Results and Discussion

In the present study a 292 bp fragment of genomic DNA was amplified (Fig. 1). PCR-RFLP analysis of exon 14 was carried out using PstI. PstIRFLP for exon 14 revealed monomorphic pattern (Fig. 2) showing only one type of genotype, AA (292 bp) with genotypic frequencie of 1.0. AC and CC genotype were not observed in the studied Sahiwal population. Similar findings were reported by Sharma et al. (2016) in Sahiwal and Hariana cattle and Tantia et al. (2006) in different Bos indicus breeds. The allelic frequencies for ABCG2-A and ABCG2-C allele were 1.0 and 0, respectively. This is in agreement with the results presented by Soltani-Ghombavani et al. (2016) in Iranian Holstein cows (0.97 and 0.03), Fontanesi et al. (2015) in Reggiana cattle breed of Italy (1.0 and 0), Hosseinpour-Mashhadi et al. (2012) in Holstein cows (0.98 and 0.02), Kowalehiska-luczak et al. (2007) in Jersey cows (0.80 and 0.20) and Cohen-Zinder et al. (2005) in Holstein bulls (0.99 and 0.01).

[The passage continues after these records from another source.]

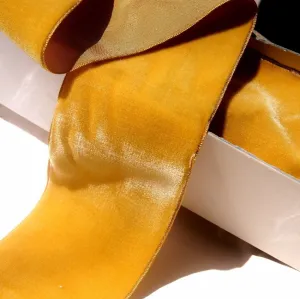 Gold Velvet Ribbon Vintage from France 72mm
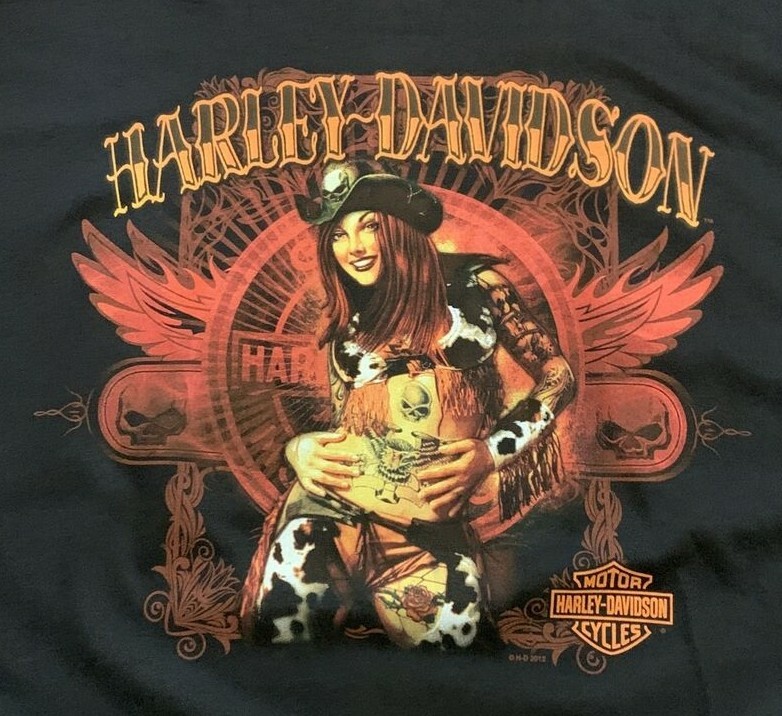 Harley Davidson T Shirt Mens 2XL Black 2012 Tattoo Cowgirl Pin Up Biker Tee NWOT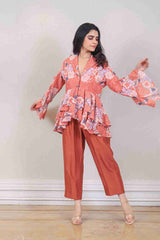 Designer Saffron colour Top sasyafashion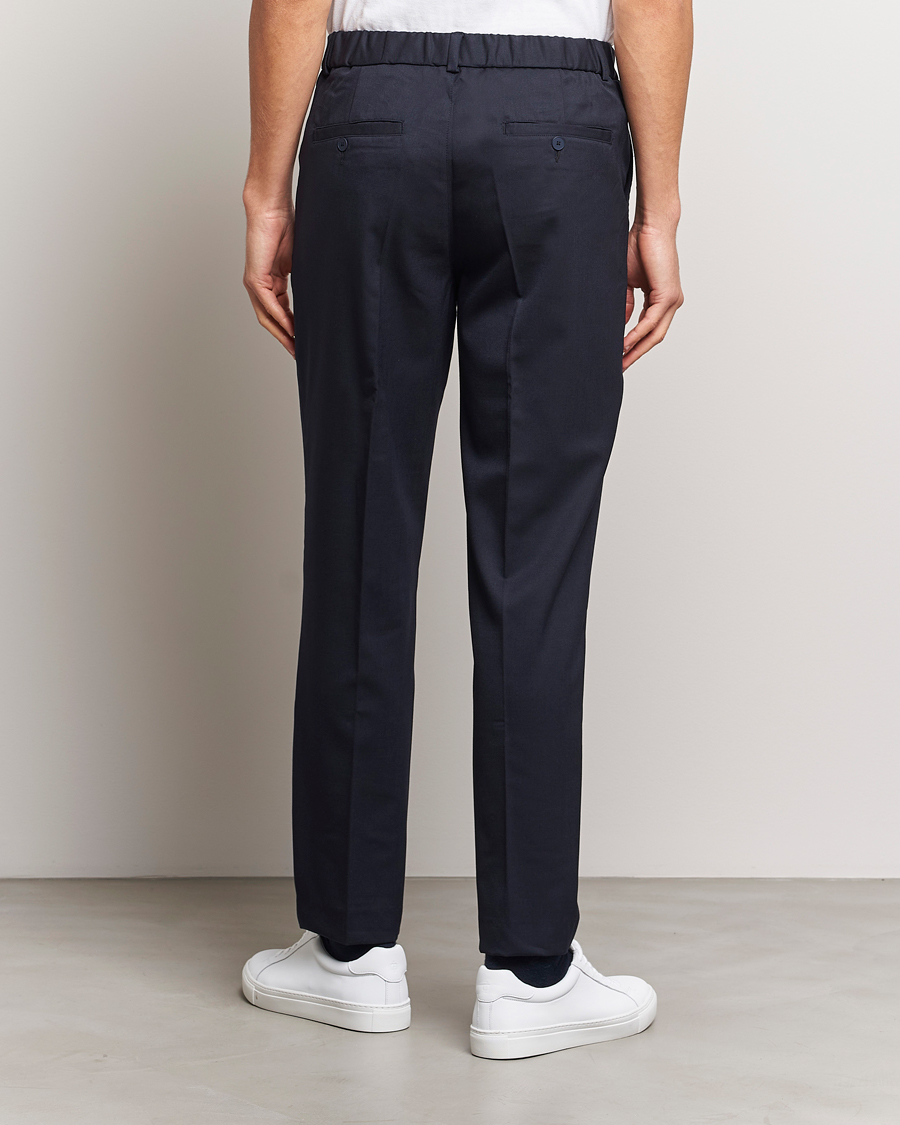 Uomini | Pantaloni | A Day's March | Smart Trousers Wool Twill Navy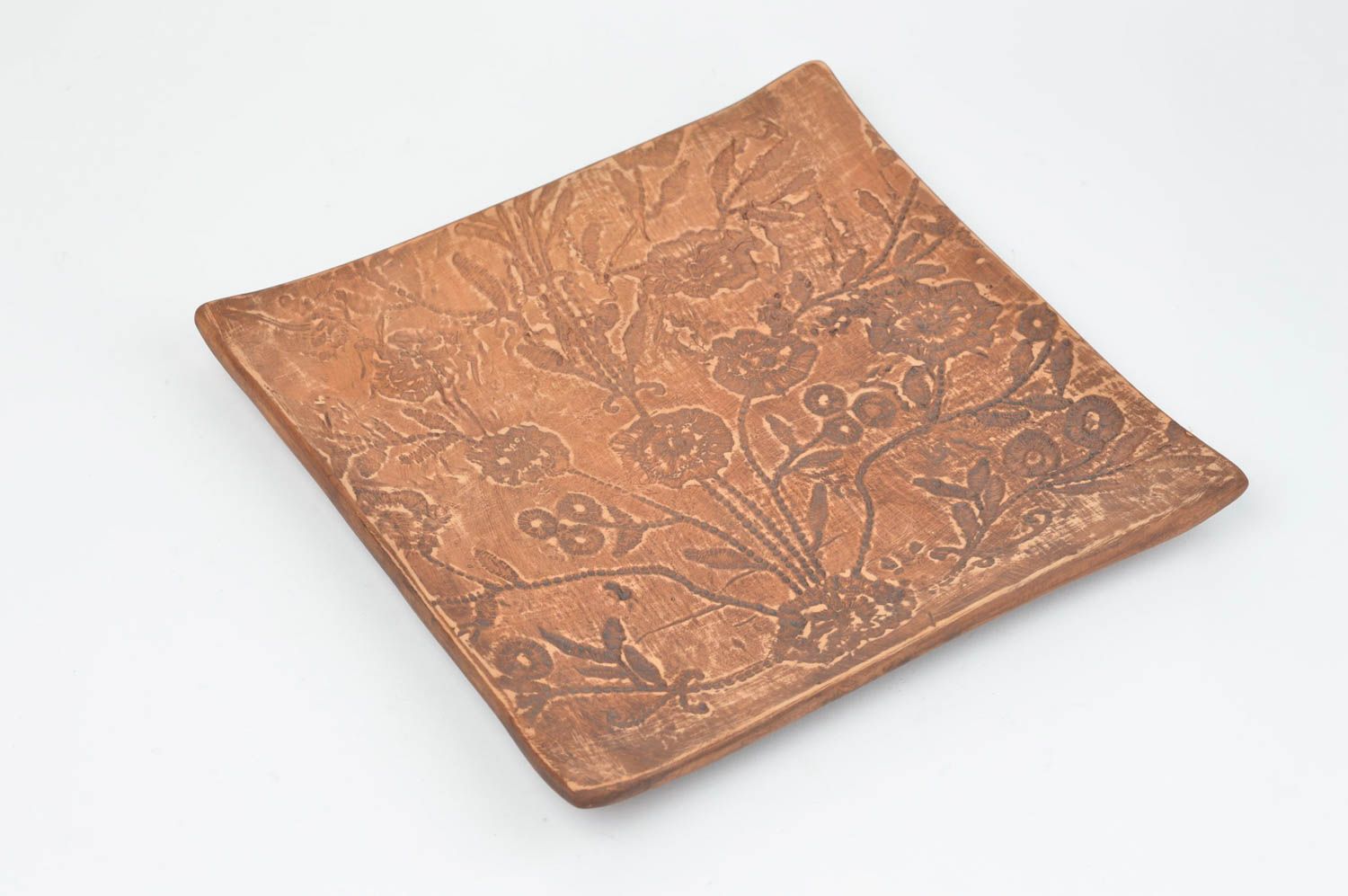 Assiette plate carrée en argile à motif floral marron faite main originale photo 2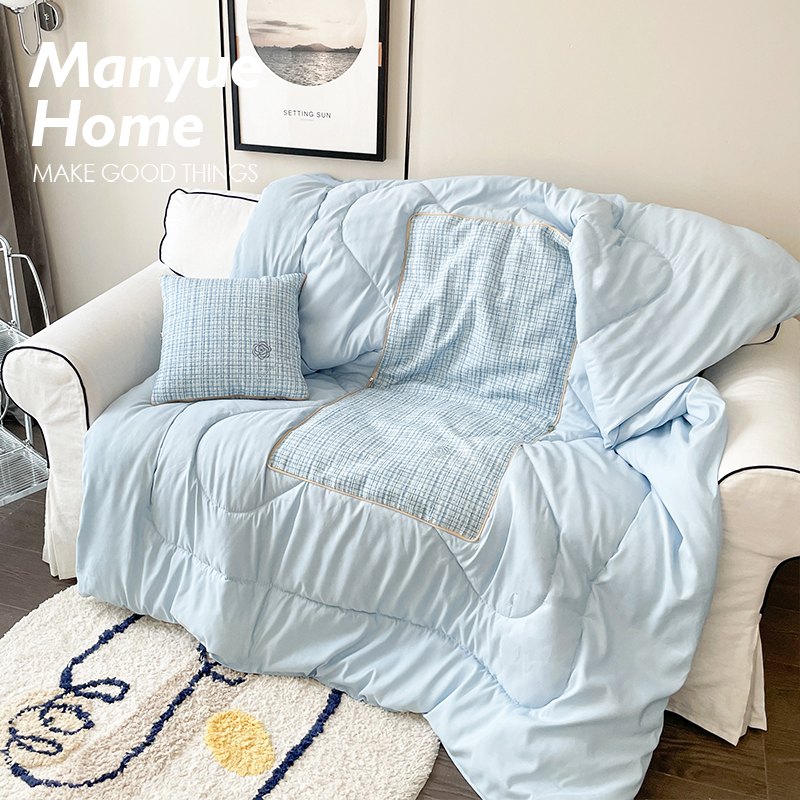 蔓越家 ins风纯色抱r枕被沙发抱枕被子两用卧室空调午睡毯车载毯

Fig. 1: Resolution of PCR products of ABCG2 gene in Sahiwal cattle

Lane 1-12: PCR product (292 bp)

Lane M: Marker (100 bp ladder)


Fig. 2: PstI PCR-RFLP pattern of ABCG2 gene showing genotype pattern.

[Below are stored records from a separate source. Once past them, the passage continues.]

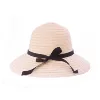 Bandage Hats Ribbon Ladies Large Fancy Wide Brim Summer Beach Straw Hat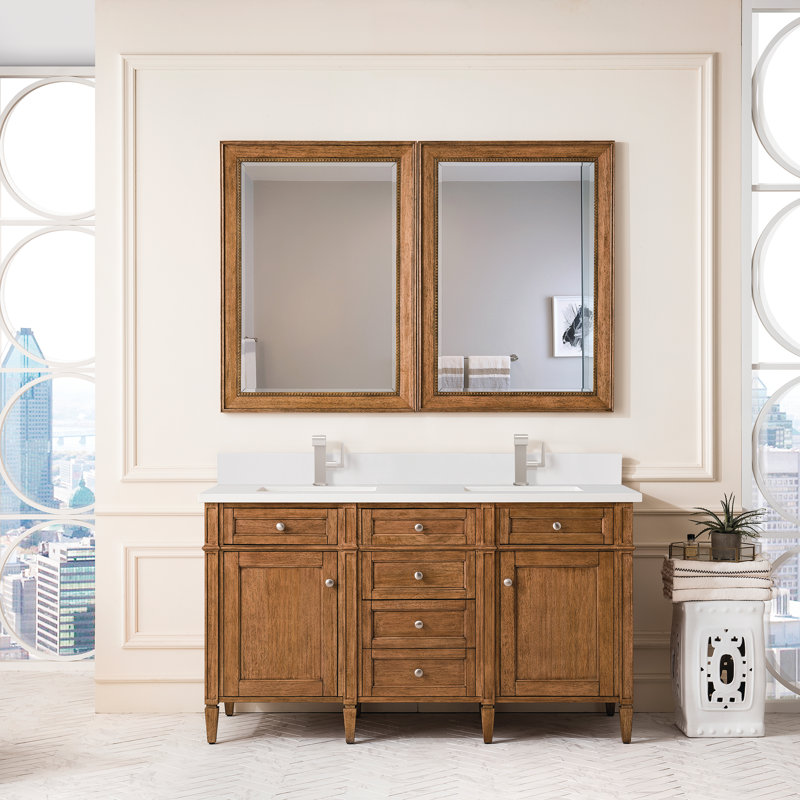 Brittany 60'' W Double Vanity, Single-Hole, White Zeus, Saddle Brown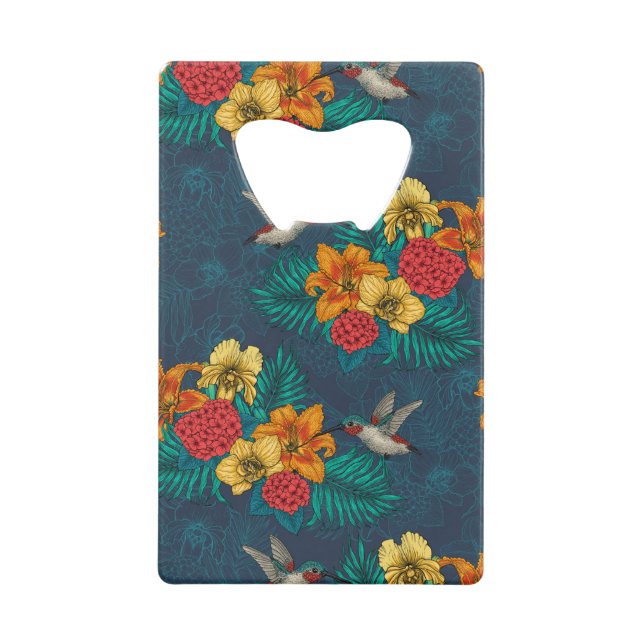 Abrebotellas De Tarjeta De Crédito Ramos tropicales y colibríes (Anverso)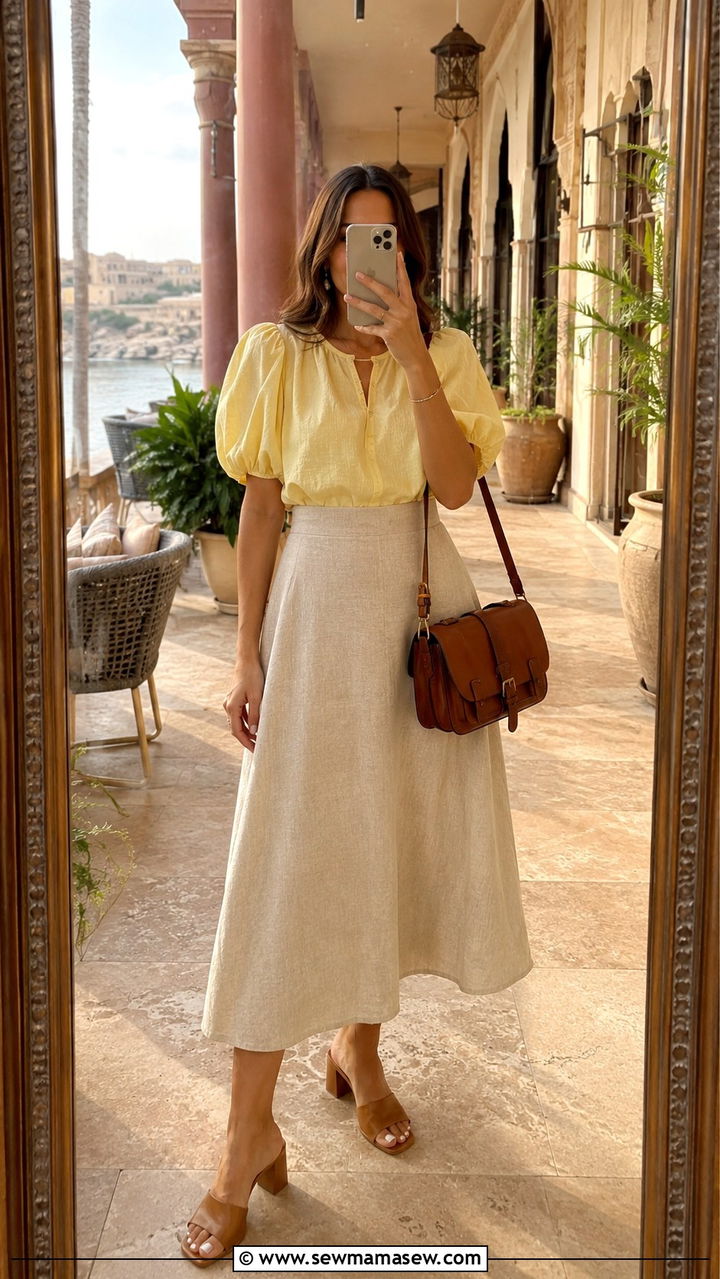 Puff Sleeve Blouse With Midi Skirt - 20 Aswan outfit ideas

Lane 1-12: AA genotype (292 bp)

Lane M: Marker (50 bp ladder)

Atila et al. (2014) carried out a study to determine polymorphisms present in ABCG2 gene in South Anatolian Red (SAR) and East Anatolian Red (EAR) indigenous cattle breeds in Turkey. They amplified target region of ABCG2 (SNP. Y581S) and found that genotype AA (SAR: 0.50; EAR: 0.62) allele A (SAR: 0.63; EAR: 0.64) were high in both SAR and EAR cattle breeds. Ron et al. (2006) studied the polymorphism in ABCG2 gene in 32 Bos taurus and 3 Bos indicus breeds and observed that allele – A was most frequent in all the populations and is responsible for less milk yield and more fat and protein concentration. The ABCG2- C allele was present only in Bos taurus breed suggesting that allele – A is the ancestral allele. Milk composition traits are significantly influenced by the non-conservative Y518S mutation in ABCG2 gene as reported by Cohen-Zinder et al. (2005) in Israeli Holstein cattle and Olsen et al. (2007) in Norwegian Red cattle breed. There is increase in frequency of ABCG2-A allele if selection is done for higher milk fat and protein percentage as reported by Cohen-Zinder et al. (2005). Nahas et al. (2018) reported higher frequency of AA genotype which is associated with higher lactose percentage and low milk yield in less selected population of Baladi cattle breed of Egypt. These are several findings which indicate that ABCG2 is a strong candidate gene which significantly influence milk composition traits due to its physical role in mammary system and chromosomal positioning.


In the present study, the selected Sahiwal population was found to be monomorphic for ABCG2 gene as only single genotype (AA) was found in all the animals which were screened for studying polymorphism in ABCG2 gene and hence no association could be established between genotype and milk composition traits. The absence of ABCG2-C allele also indicates that ABCG2-A is the ancestral allele, and that the Y518S substitution occurred after the separation of Bos indicus and Bos taurus lineages. Further investigation on larger population of this breed is required in order to explore the polymorphism (A/C: Y518S) in ABCG2 gene and to exploit it for marker assisted selection for milk composition traits.


The authors are thankful to Director ICAR-National Dairy Research Institute, Karnal, Head Dairy Cattle Breeding Division and Head Livestock Research Complex for providing all the necessary facilities required for successful completion of research. Financial assistance in the form of institute fellowship is deeply acknowledged.